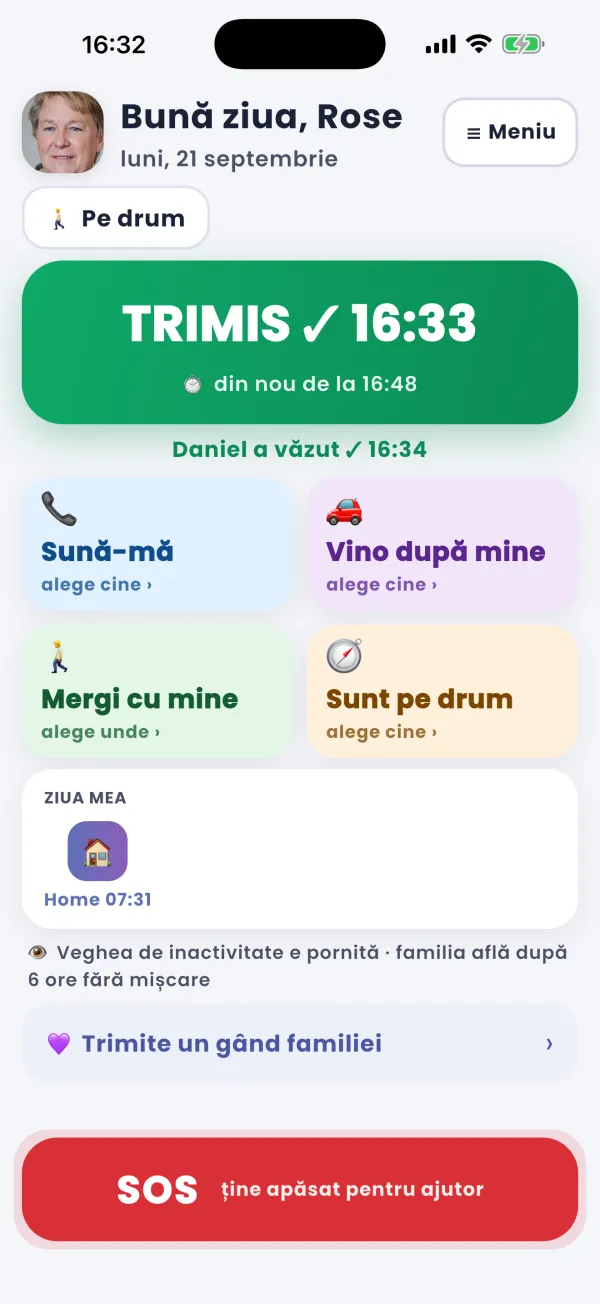 „Sunt bine”: o atingere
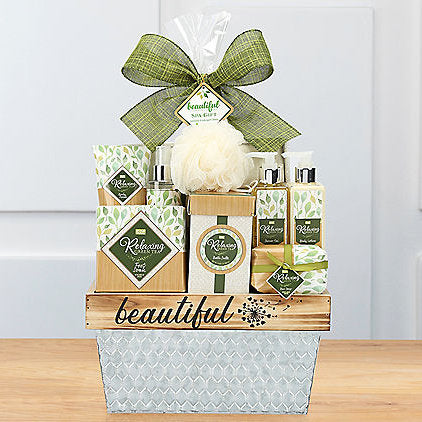 Cru De Provence Green Tea: Spa Gift Basket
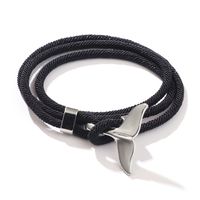 Casual Fish Tail Whale Alloy Rope Unisex Bracelets sku image 2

Prompt:
Pictures aside, give the data again exactly as it appears.

Completed exercise:
 „Sunt bine”: o atingere
 Cru De Provence Green Tea: Spa Gift Basket
 Casual Fish Tail Whale Alloy Rope Unisex Bracelets sku image 2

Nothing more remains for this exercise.